Different circuits can result in different ground potentials, wreaking havoc with signal noise margins.

You might have to replace your existing transceivers if they've been damaged by any common-mode voltage differences between the two devices. Typical 422 transceiver can only tolerate a 7VDC common-mode, and are extremely susceptible to power-on transients that affect the ground potentials which are then equalized through the transceivers, if you have no signal reference grounds connected.



TTFN
 
Hi
Every data line should be twisted with its own ground line.
At 200 MB/sec may have to go to coax for each line.

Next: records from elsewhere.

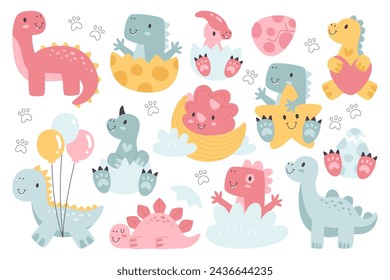 Cute baby shower character with funny dinosaurs collection set for greeting card design, congratulation and invitation postcard creation. Adorable lovely T-rex, prehistoric reptile vector Illustration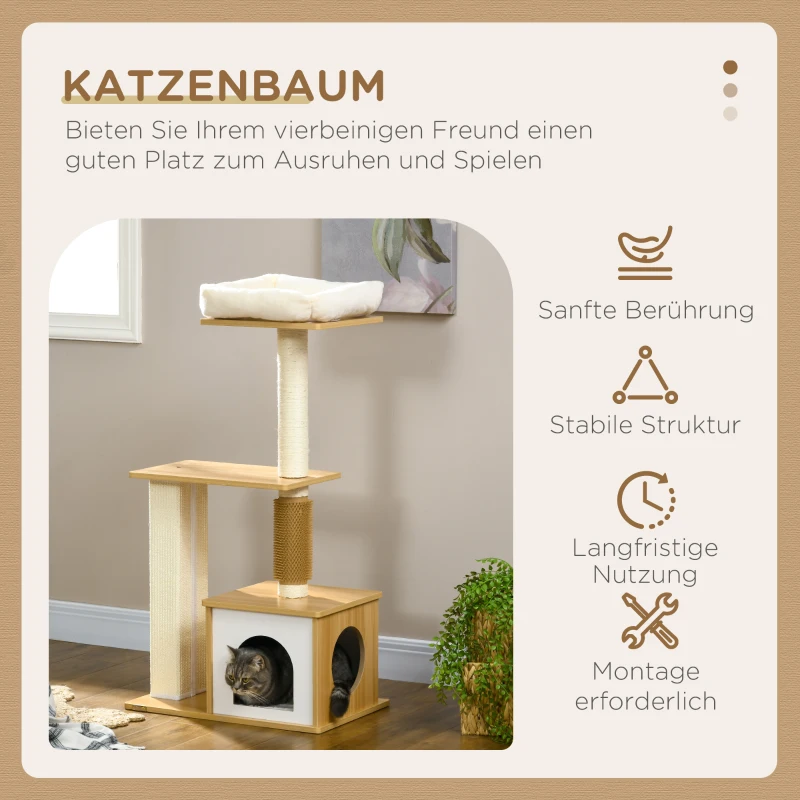 PawHut Kratzbaum Katzenbaum Katzenhöhle, 1 Katzenbett, 1 Liegefläche, 59,5 cm x 39,5 cm x 114 cm, Braun + Weiß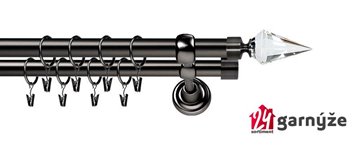 Kovové garnýže dvouřadé 25 a 25mm - ROMA VENETO CRYSTAL antracitové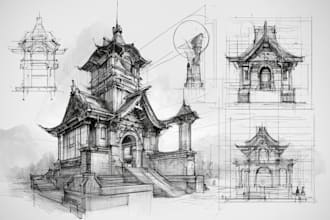 digitally sketch architecture and interior illustration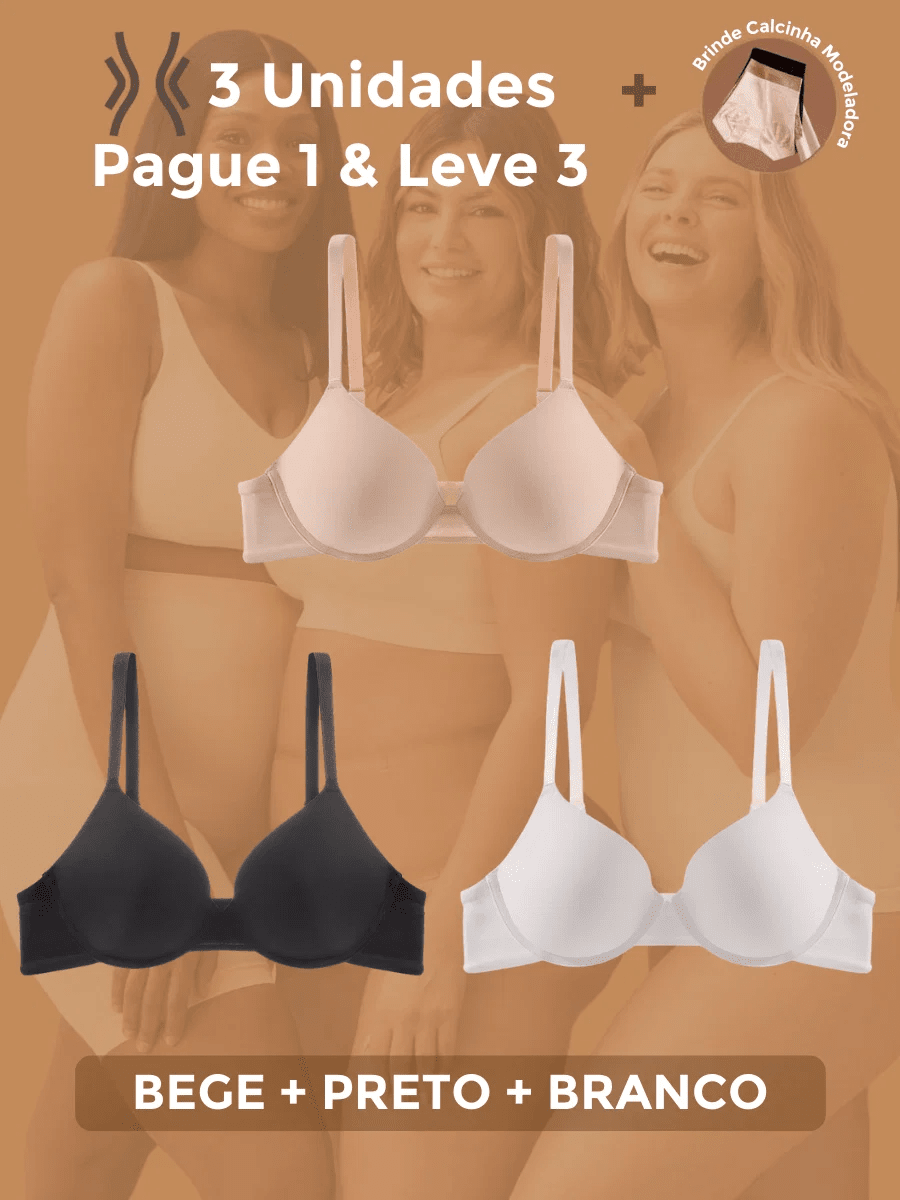 Sutiã de Sustentação Allure -[Pague 1 & Leve 3] + Brinde Calcinha Modeladora Sutiã Sustentação MRL-025 Miralleve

Buy "High Speed Digital Design a Handbook of Black Magic"
by Howard Johnson.

The book is worth every penny even if you don't do high speed design.

Rodar
 
In general connect the power lines so they radiate like octopus arms from the PS to each load. Do not daisy-chain load after load. Use twisted pair power/return for each voltage and if there is a ground connection needed then that should preferrably be at the power supply end only.

As Rodar said, signal lines should be twisted pair too and if serious shielding is needed then a twisted pair inside a shield is very good. For high frequency signals with this connection, ground the shield at both ends but do not use the shield for either power or signal return. It's function is to prevent pickup of external magnetic interference which is the most common cause of interference.

If there are still issues related to where you connect to a controller board, then consider each location in the light of avoiding common mode power and signal connections. Don't tempt the power to travel on the same return as the signal as you are sure of interference then.